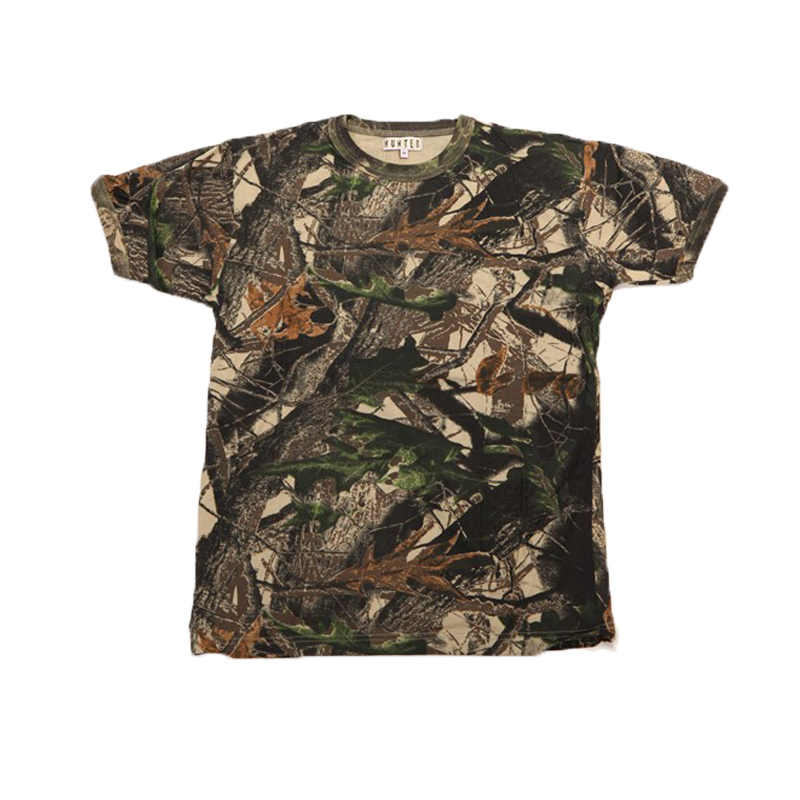 maglietta T-shirt girocollo mezze maniche mimetica camouflage uomo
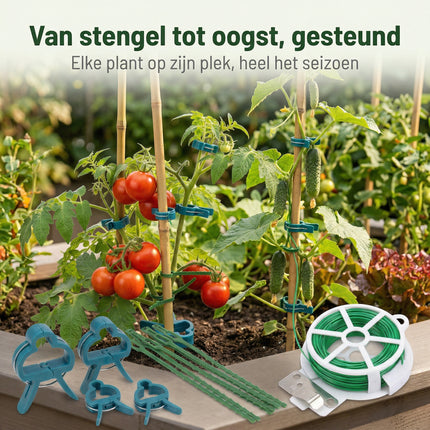 Cheqo Plantenclips met Binddraad Set van 61 - Lifestyle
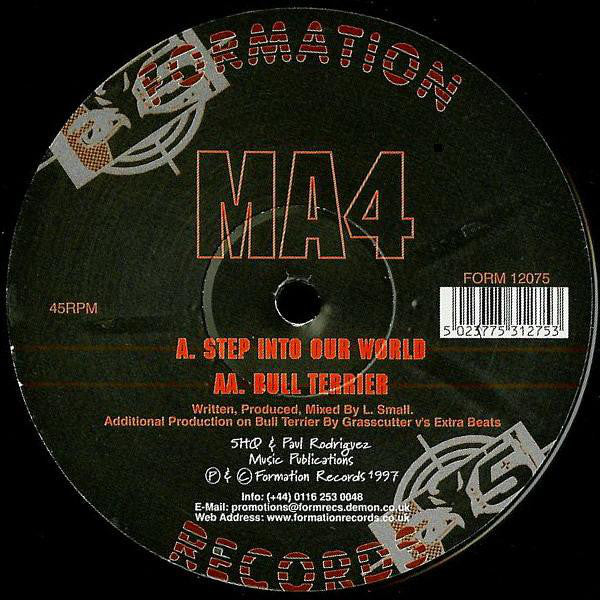 MA4 : Step Into Our World / Bull Terrier (12")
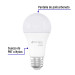 Lámpara de LED tipo bulbo A19 14 W, luz cálida, caja, Basic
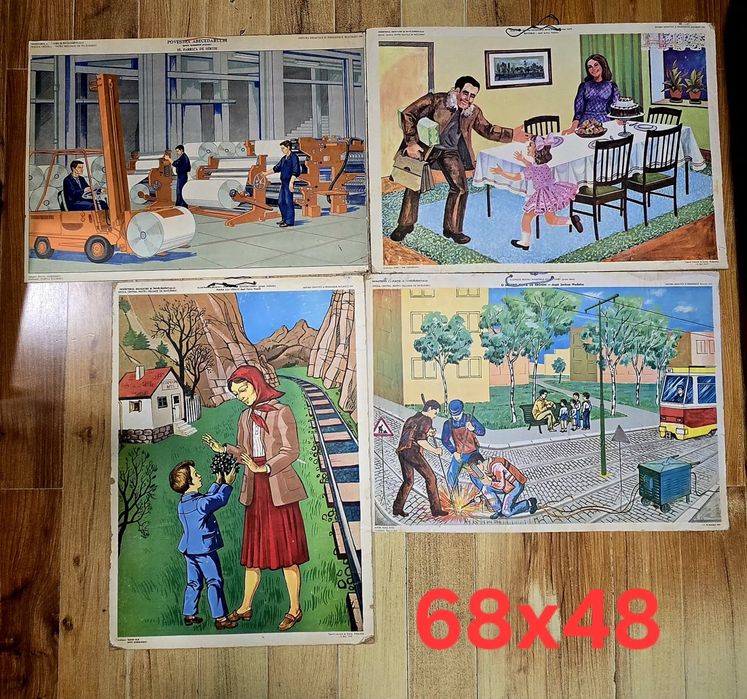 Planse didactice școlare cartonate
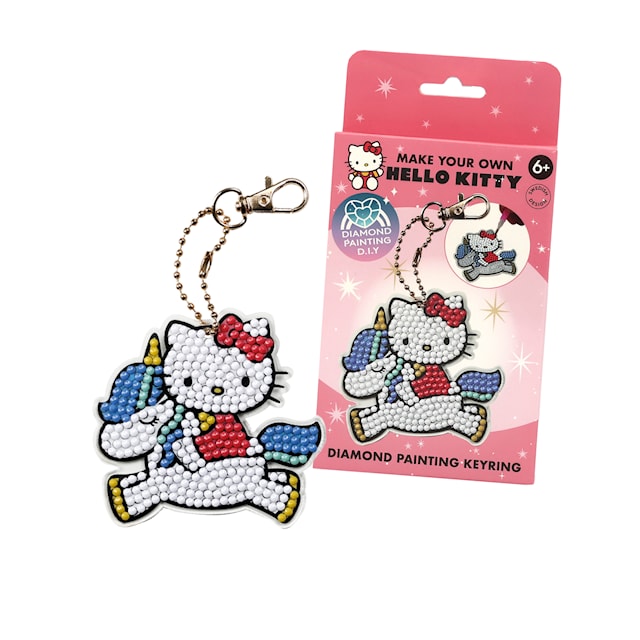 Produktbild 2 för Hello Kitty Diamantmålning Nyckelring Micki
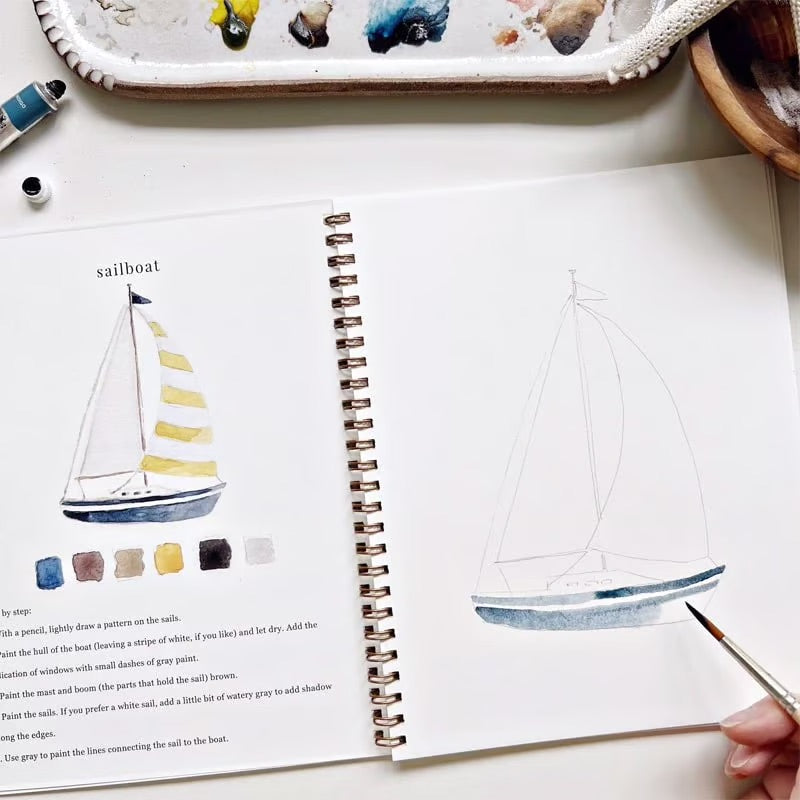 Färgström™ | Tänd din kreativitet med vår inspirerande akvarellarbetsbok!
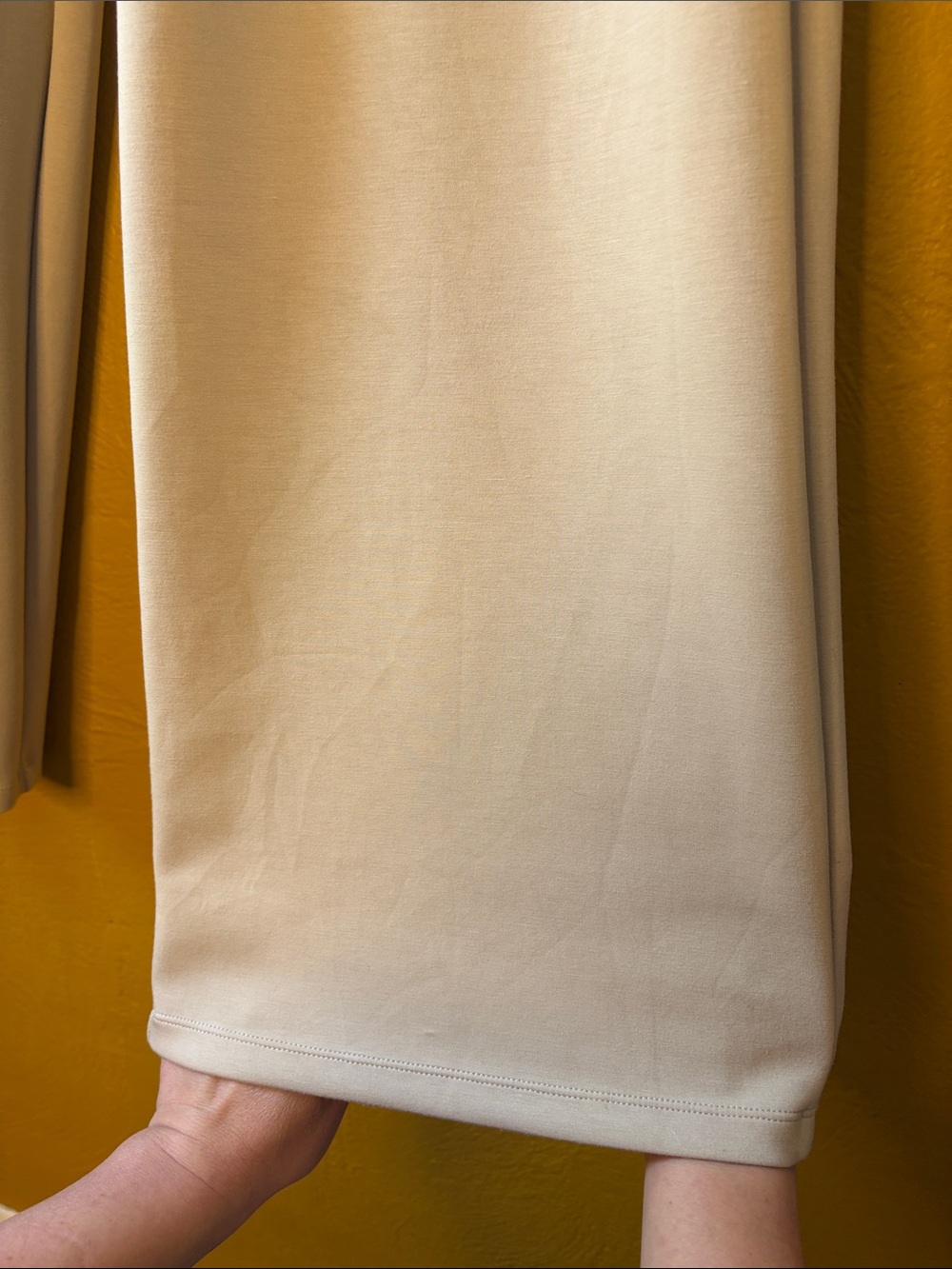 NWOT Halara Flex High Waisted Pleated Wide Leg Work Pants Beige XS Regular - Picture 5 of 8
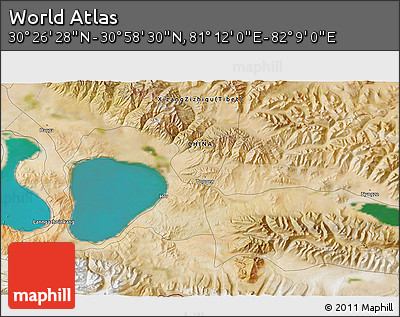Satellite 3D Map of the Area around 30° 42' 29" N, 81° 40' 30" E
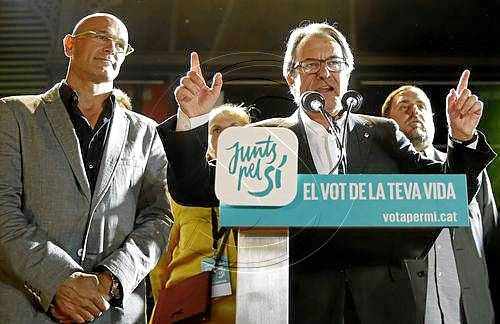 Clar triomf de Junts pel Sí, però la CUP té la clau del procés i de la investidura de Mas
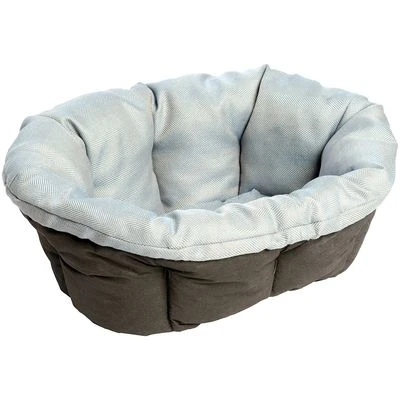 Ferplast Blue Tweed Sofa Cover For Siesta Deluxe Dog Basket - Image 2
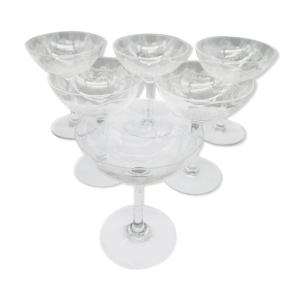 Série de 6 verres à - baccarat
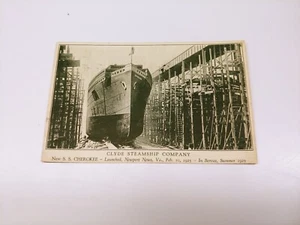 Antique Post Card Clyde Steamship Co. New SS CHEROKEE - Posted  - Picture 1 of 2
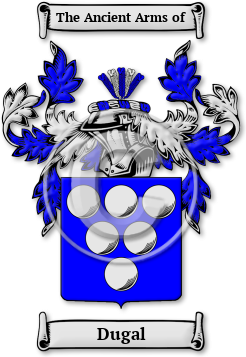Dugal Family Crest Download (jpg) Legacy Series - 150 DPI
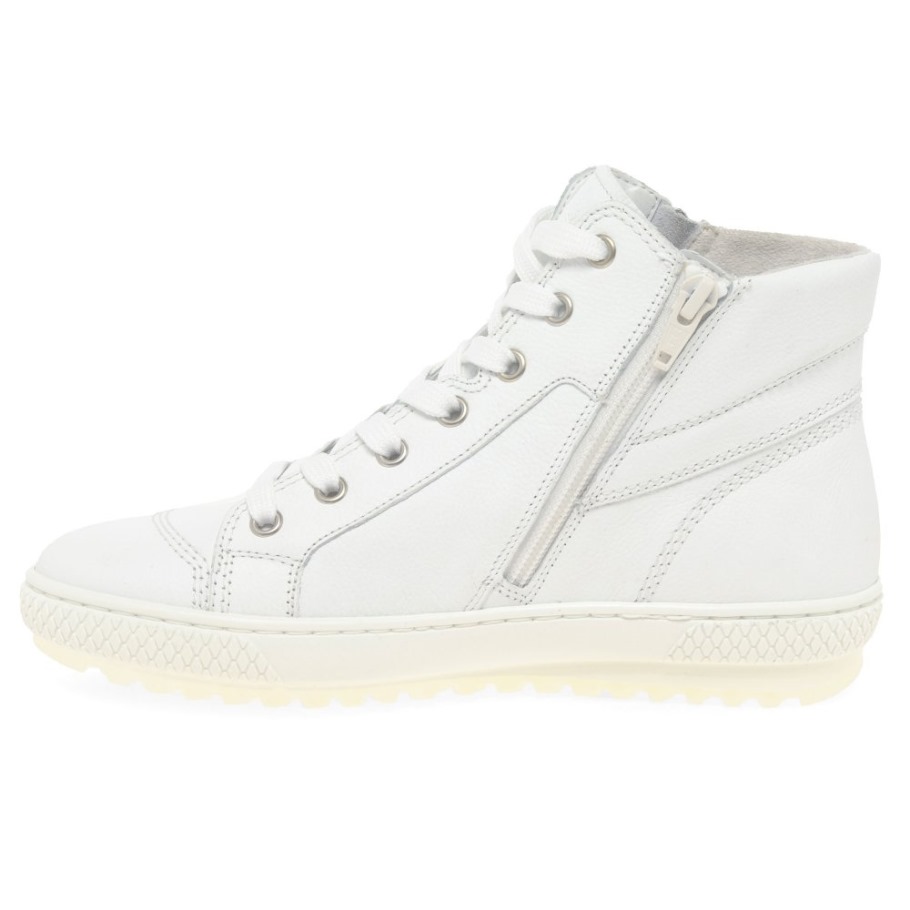 Gabor White Bulner Ladies Casual Ankle Boots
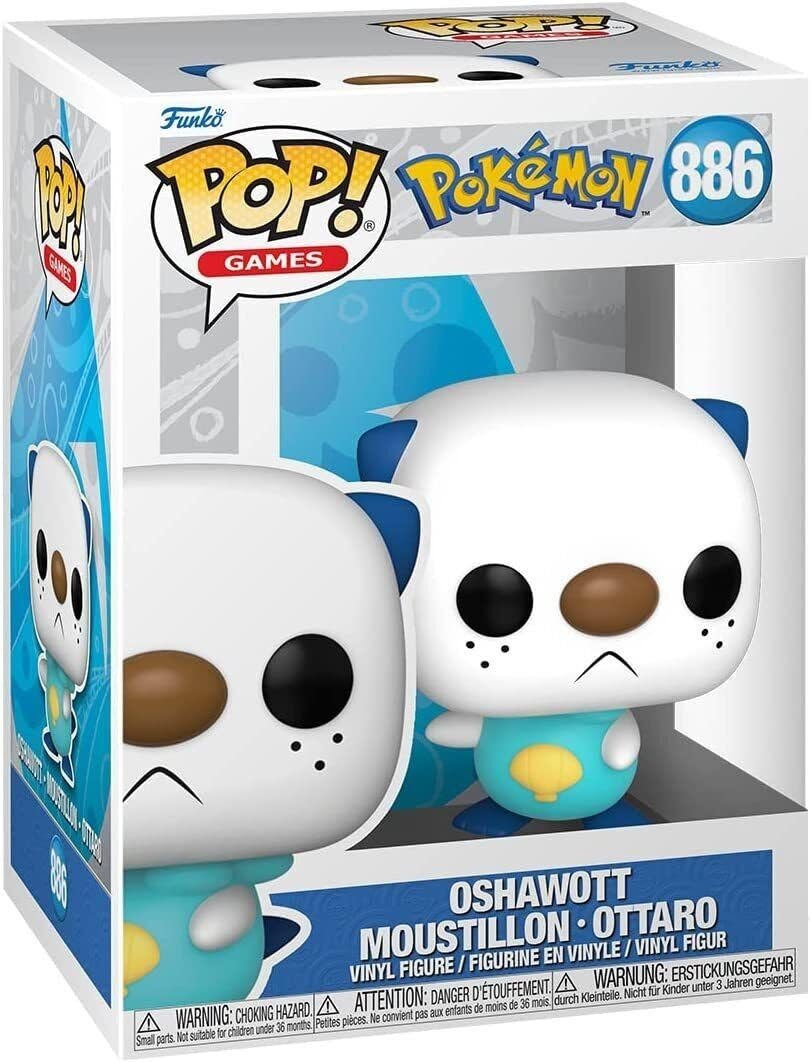 Funko Pop! Jeux : Pokémon - Oshawott - Figurine en Vinyle de Collection - Idée Cadeau - Marchandise Officielle - Jouets pour Enfants et Adultes - Fans de Jeux Vidéo - Poupée pour Collectionneurs et Exposition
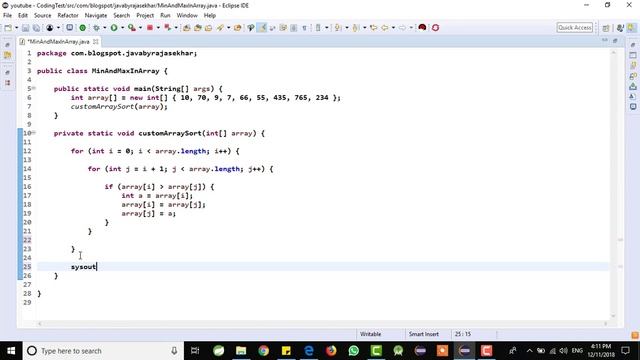 How To Find Maximum and Minimum values in an Array in Java | Java Interview Questions | Arrays Java смотреть онлайн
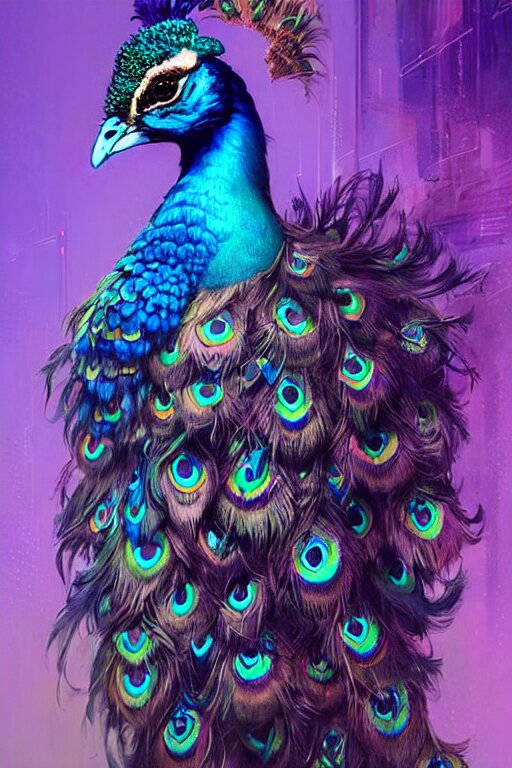 turn peacock into a hideous mutant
------------------------------------------------
> _WHAT YOU SHOULD DO_:
Omitting the images, transcribe every record exactly.

> _ANSWER_:
 maglietta T-shirt girocollo mezze maniche mimetica camouflage uomo
 Cheqo Plantenclips met Binddraad Set van 61 - Lifestyle
 MA4 : Step Into Our World / Bull Terrier (12")
 Lámpara de LED tipo bulbo A19 14 W, luz cálida, caja, Basic
 Planse didactice școlare cartonate
 Produktbild 2 för Hello Kitty Diamantmålning Nyckelring Micki
 Färgström™ | Tänd din kreativitet med vår inspirerande akvarellarbetsbok!
 NWOT Halara Flex High Waisted Pleated Wide Leg Work Pants Beige XS Regular - Picture 5 of 8
Satellite 3D Map of the Area around 30° 42' 29" N, 81° 40' 30" E
 Clar triomf de Junts pel Sí, però la CUP té la clau del procés i de la investidura de Mas
 Ferplast Blue Tweed Sofa Cover For Siesta Deluxe Dog Basket - Image 2
 Série de 6 verres à - baccarat
 Antique Post Card Clyde Steamship Co. New SS CHEROKEE - Posted  - Picture 1 of 2
Dugal Family Crest Download (jpg) Legacy Series - 150 DPI
 Gabor White Bulner Ladies Casual Ankle Boots
 Funko Pop! Jeux : Pokémon - Oshawott - Figurine en Vinyle de Collection - Idée Cadeau - Marchandise Officielle - Jouets pour Enfants et Adultes - Fans de Jeux Vidéo - Poupée pour Collectionneurs et Exposition
 How To Find Maximum and Minimum values in an Array in Java | Java Interview Questions | Arrays Java смотреть онлайн
 turn peacock into a hideous mutant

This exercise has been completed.